Listen to the hand: Tan (left) wears the talking glove that allows a smart phone to translate sign language into text and speech. The gesture says, "I love you." |
This would help normal people to understand the language of the deaf and mute people and remove an invisible linguistic barrier.
Tân and Đức’s initiative recently won the highest award for high school students in the south at the Viet Nam Science and Technology Fair.
The solution that the two high school students came up with involved a glove and a smart phone. The glove is attached with a Flex Sensor and an MPU6050 sensor.
When the wearer uses the sign language, the sensors will read the movements of the hand, and transmit the data to the phone via an application based on the Android system. The phone screen will display the characters, texts and sounds based on the data.
The sounds that the phone utters now is the sweet and young voice of a female student who is a member of the science club at the Lê Hồng Phong High School for gifted students .
Tan and Duc have so far successfully transcribed 31 hand movements into sounds and speech on the phone. Besides the alphabet, the glove can also ‘speak’ many words and phrases, including “I love you”, “I”, “You”, “Việt Nam”, “Hello”, “Parents”, and “Love”.
The young “scientists” are planning to write more codes to arrange the words in a sentence properly, and on connecting two gloves to make a full sentence on the smart phone in the near future.

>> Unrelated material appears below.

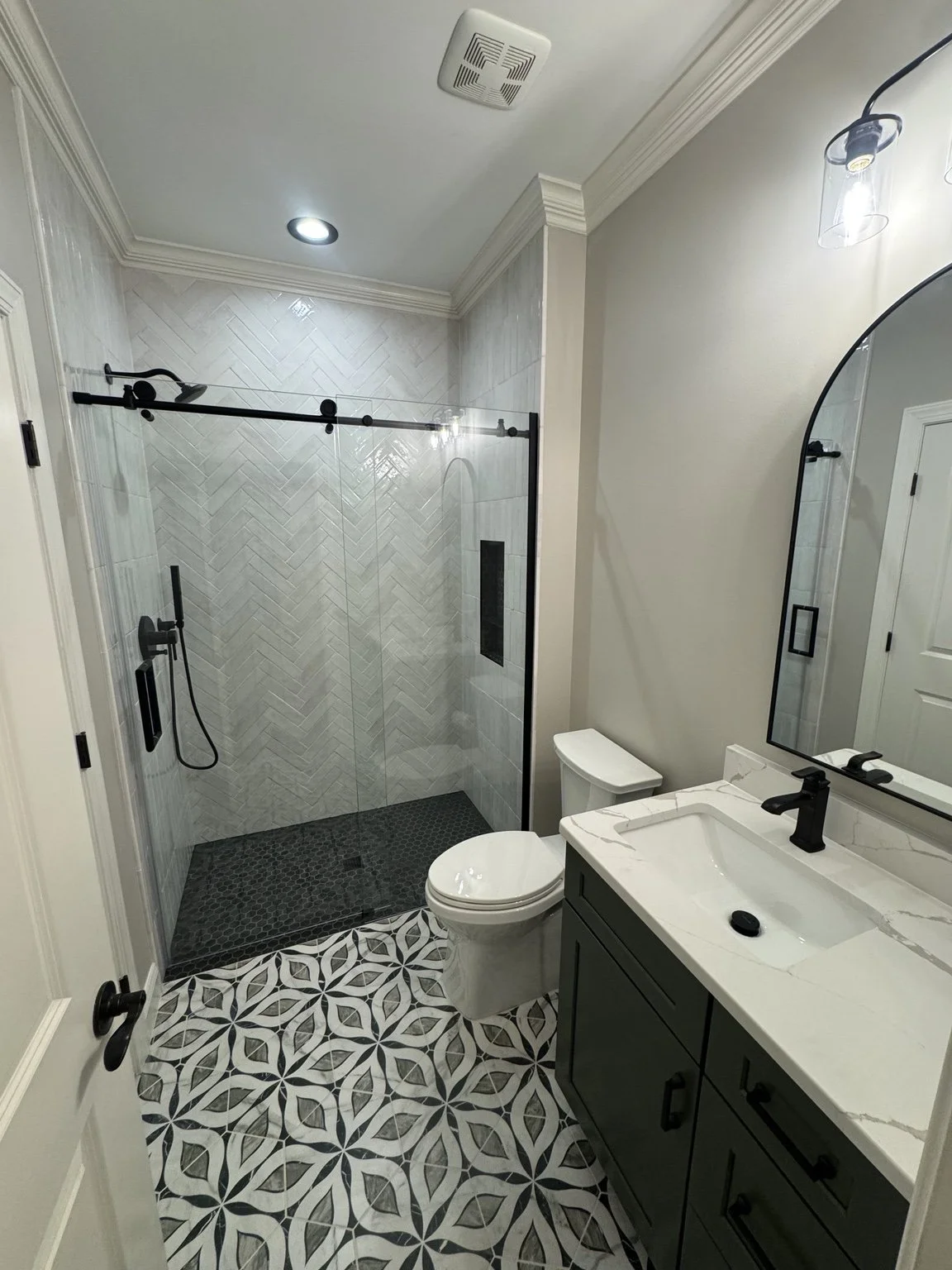 A smaller bathroom can still have plenty of character. Patterned floors and herringbone shower tile give this one a look of its own.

The two friends started working on the “speaking” glove in last August, and “finalized” the product last month, just one day before their examinations, after many sleepless nights.
However, they are not sure when they can finish the linguistic system for the glove, for it is something that requires constant updates.
The talking glove is not their first creation. Earlier, Tan and Duc had collaborated to make other products like a machine to measure alcohol levels and an astronomical telescope.
The first prize in the Viet Nam Science and Technology lFair has only fuelled their aspirations. They dream of attending top-notch scientific and technological centres in the world where they can take their scientific passion to greater heights.